The upcoming Avengers: Age of Ultron—I’m sorry, the upcoming world-strangling cinematic event known as Avengers: Age of Ultron—currently approaches a rare impasse. Enough actors have announced that they’ll appear in the crossover smash-to-be that the base assumption necessitating these reveals has shifted. Where we once worked from the premise that the majority of working actors (currently involved in Marvel or not) will not appear in the cast list of the new Avengers film, requiring those who will to make it known, that’s gradually becoming no longer the case.

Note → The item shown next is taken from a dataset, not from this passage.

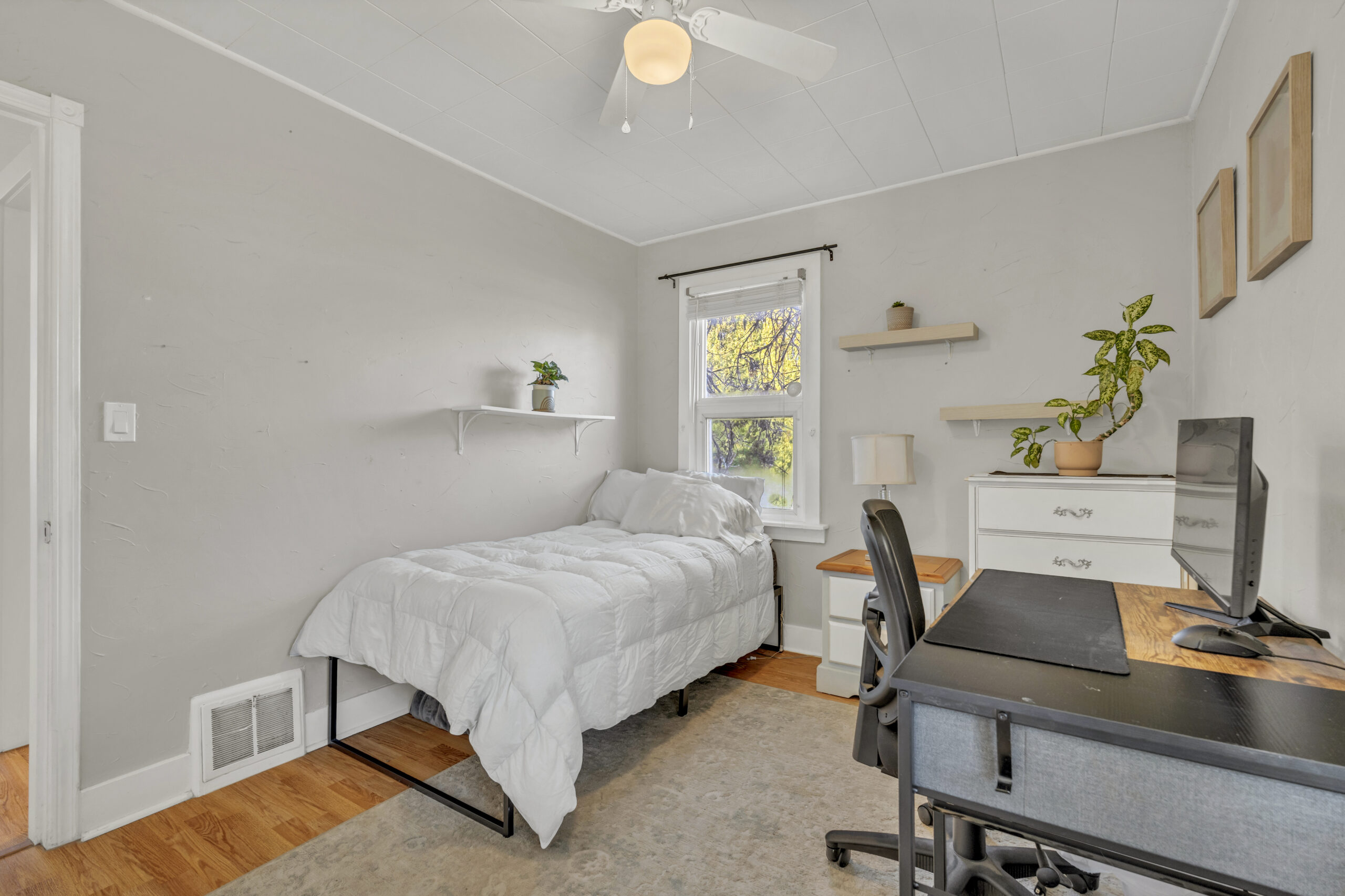 10120 Julia Street Summerland V0H 1Z5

Soon, we shall live in a world where it makes more sense for actors to reveal that they aren’t appearing in Joss Whedon’s new blockbuster. By the first of the new year, expect a trembling Bill Nighy to apprehensively approach the microphone at a massive press conference to officially declare that he will not have a part in Avengers: Age of Ultron, at which point he will be stoned to death.

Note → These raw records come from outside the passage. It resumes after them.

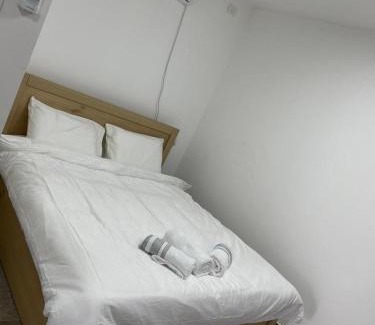 Masade Apartment | Explore צמרים סמר: Pet-Friendly Retreat with Pool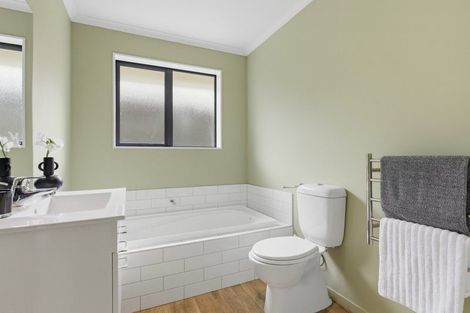 Photo of property in 18 Keene Street, Wigram, Christchurch, 8042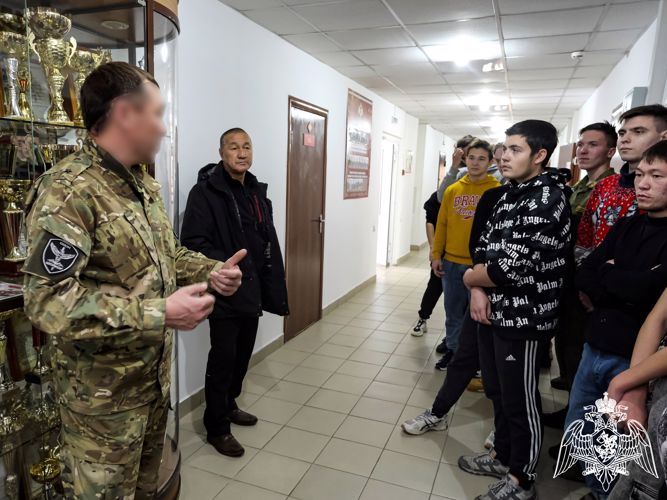 В Республике Алтай сотрудники специального подразделения Росгвардии провели день открытых дверей для школьников региона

Idris Elba has now become the latest actor to successfully avoid the mandated stonings over the weekend, when he mentioned to The Telegraph that he would make a brief cameo in the film as his Thor role of Heimdall. Elba’s quote suggested a playful rapport between him and his costars: “I’m doing a scene with Chris Hemsworth and Tom Hiddleston, and they’re like, ‘Aren’t you [meant to be] in Ibiza?’” The crack refers to Elba’s in-progress nine-week stint as a guest DJ for popular club brand Ibiza Rocks, because apparently “handsomest man on Earth,” “A-list movie star,” and “kajillionaire” aren’t enough to satisfy the man.
Even so, his Telegraph interview did clue readers into a relatively surprising detail of Elba’s professional life. He gave the impression that following his award-winning turn as Nelson Mandela for Mandela: Long Walk To Freedom, the showbiz-spectacle reshoots for Thor: The Dark World left him feeling sour.
The Telegraph quotes him as saying: “‘I’d just done eight months in South Africa. I came to England and the day I came back I had to do reshoots on Thor 2... And in the actual scene my hair was different, my…’ He stops and gives an exasperated sigh. ‘I was like, ‘This is torture, man. I don’t want to do this.’ My agent said: ‘You have to, it’s part of the deal.’”
It turns out that the soulless artifice of Hollywood commerce may have an adverse effect on thespians looking to make meaningful art. Golly, someone should make a movie about that!